For starters, the Earth of 2003
is decimated by a virus; and not
just any virus. Agent Yellow is
frightening not only in how it is
able to wipe out billions of lives
so swiftly, but also in the manner
in which it does so. Simply put, it
burns them alive from the inside
out. Their blood becomes acid
and their bodies flame. And, in what I feel was a masterstroke, Mortimore has Liz Shaw - one of the Doctor’s former associates - die in this most gruesome, agonising fashion. Liz crops up in this novel as little more than an extra; no fuss is made by the author at all over
her identity. In fact, save for a veiled reference to the events of Blood Heat on Benny’s part, Liz’s importance to the Doctor is barely acknowledged and she certainly never meets him
in the narrative. I thought that rather than detract from the weight of her death, Liz’s reduced role in the proceedings only served to make each and every death on Earth – and believe me, there are billions – seem that much more significant. I mean, everyone who dies could be as important to someone as Liz is to the Doctor; indeed, much more so in most cases. But the way that she dies… I can see why some have lambasted it. It’s unspeakably graphic; her whole body just melts away, burning. The way that she stares up from the operating table at Chris - who couldn’t bring himself to carry out a mercy killing - through her one remaining eye is truly harrowing. And because the eyelid on her remaining eye has also been burned away, she can’t do anything but stare at him. Doctor Who hasn’t given me nightmares since
I was a small child but I now have the distinct feeling that tonight this trend will be overturned.

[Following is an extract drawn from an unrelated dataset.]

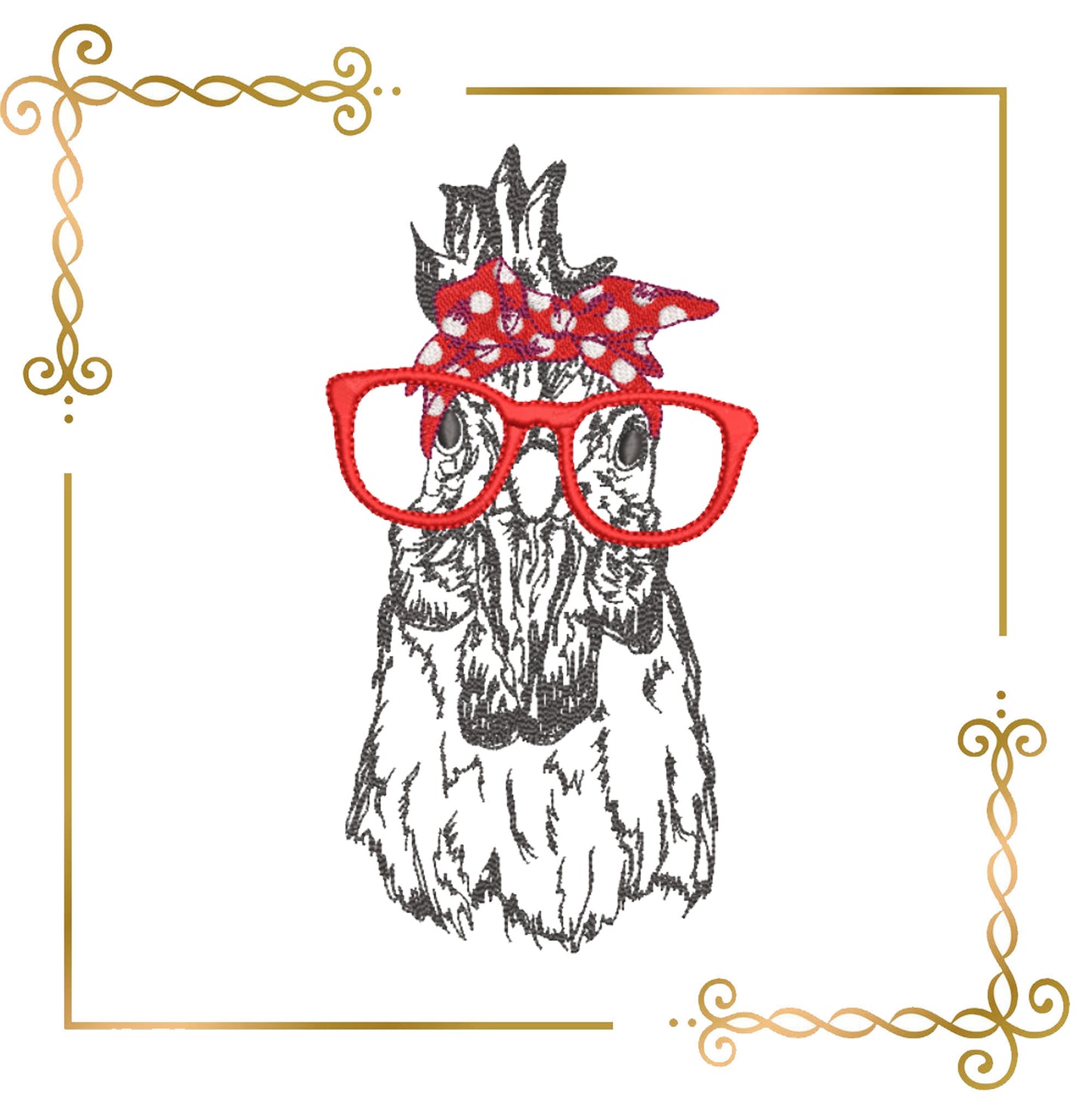 Animal Chicken with Glasses and Scarf embroidery design to the direct download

“I have walked in Eternity. And Eternity weeps.”
Eternity Weeps, as any reasonable person may gather from the title, is grim. It’s brutal and it’s savage and it’s overpoweringly sad. In his notes in both the front and back of the book, the author documents the recent personal tragedies of his own life in some detail, and so I wouldn’t be surprised if Eternity Weeps is some twisted form of catharsis on his part. But regardless, were I Colin Booth Mortimore, the author’s late father, I would be honoured to have such an awesome and thrilling novel dedicated to my memory. There aren’t many Who novels that can be described as being truly ‘edge of the seat’ stuff, but this one certainly can. I couldn’t stop reading and I couldn’t stay sat down.